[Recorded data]

+++

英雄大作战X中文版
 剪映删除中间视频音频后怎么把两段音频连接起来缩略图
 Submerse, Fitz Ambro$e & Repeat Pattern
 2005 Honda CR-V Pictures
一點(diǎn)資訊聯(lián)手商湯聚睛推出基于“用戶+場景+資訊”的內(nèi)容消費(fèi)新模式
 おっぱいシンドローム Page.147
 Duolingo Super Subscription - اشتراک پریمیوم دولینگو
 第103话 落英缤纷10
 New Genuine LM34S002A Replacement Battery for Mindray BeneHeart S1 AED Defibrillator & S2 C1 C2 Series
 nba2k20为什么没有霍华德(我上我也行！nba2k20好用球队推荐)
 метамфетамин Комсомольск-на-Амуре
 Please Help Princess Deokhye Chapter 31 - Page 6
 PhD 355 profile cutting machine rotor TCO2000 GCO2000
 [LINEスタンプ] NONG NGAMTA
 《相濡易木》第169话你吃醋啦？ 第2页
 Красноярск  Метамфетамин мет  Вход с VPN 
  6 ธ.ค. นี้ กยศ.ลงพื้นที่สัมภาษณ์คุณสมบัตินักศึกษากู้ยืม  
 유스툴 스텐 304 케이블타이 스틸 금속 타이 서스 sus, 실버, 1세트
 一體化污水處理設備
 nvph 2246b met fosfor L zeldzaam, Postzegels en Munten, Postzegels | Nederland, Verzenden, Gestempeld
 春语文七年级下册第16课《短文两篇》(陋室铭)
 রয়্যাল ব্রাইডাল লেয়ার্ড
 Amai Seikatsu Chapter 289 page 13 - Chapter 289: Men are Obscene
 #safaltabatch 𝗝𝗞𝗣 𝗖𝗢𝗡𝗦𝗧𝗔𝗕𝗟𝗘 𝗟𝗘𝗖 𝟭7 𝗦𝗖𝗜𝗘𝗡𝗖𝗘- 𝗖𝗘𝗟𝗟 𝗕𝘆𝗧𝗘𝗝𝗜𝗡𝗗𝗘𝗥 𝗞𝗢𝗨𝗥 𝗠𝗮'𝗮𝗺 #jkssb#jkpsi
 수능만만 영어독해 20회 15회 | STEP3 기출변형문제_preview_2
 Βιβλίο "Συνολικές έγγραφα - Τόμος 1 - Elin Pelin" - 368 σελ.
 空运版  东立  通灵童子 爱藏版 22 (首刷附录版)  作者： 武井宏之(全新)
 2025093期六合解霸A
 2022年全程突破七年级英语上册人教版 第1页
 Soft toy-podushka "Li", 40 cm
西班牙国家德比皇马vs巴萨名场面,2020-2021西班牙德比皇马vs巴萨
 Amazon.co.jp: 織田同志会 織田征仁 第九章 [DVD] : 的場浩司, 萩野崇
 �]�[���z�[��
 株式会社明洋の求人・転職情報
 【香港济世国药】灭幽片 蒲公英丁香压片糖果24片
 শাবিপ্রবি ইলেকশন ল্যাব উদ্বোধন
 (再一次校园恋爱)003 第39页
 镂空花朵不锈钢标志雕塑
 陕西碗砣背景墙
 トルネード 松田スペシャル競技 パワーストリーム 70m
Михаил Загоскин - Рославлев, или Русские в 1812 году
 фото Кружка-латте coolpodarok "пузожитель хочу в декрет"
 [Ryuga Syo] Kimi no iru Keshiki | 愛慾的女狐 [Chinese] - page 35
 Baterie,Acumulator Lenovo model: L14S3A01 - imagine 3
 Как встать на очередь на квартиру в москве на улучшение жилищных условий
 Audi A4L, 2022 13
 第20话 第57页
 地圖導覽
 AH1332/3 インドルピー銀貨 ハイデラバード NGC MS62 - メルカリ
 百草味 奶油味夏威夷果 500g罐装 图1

+++

What this task involves> Some of the data mentions "Chapter". Copy every line where it does.

Solution below>
 Please Help Princess Deokhye Chapter 31 - Page 6
 Amai Seikatsu Chapter 289 page 13 - Chapter 289: Men are Obscene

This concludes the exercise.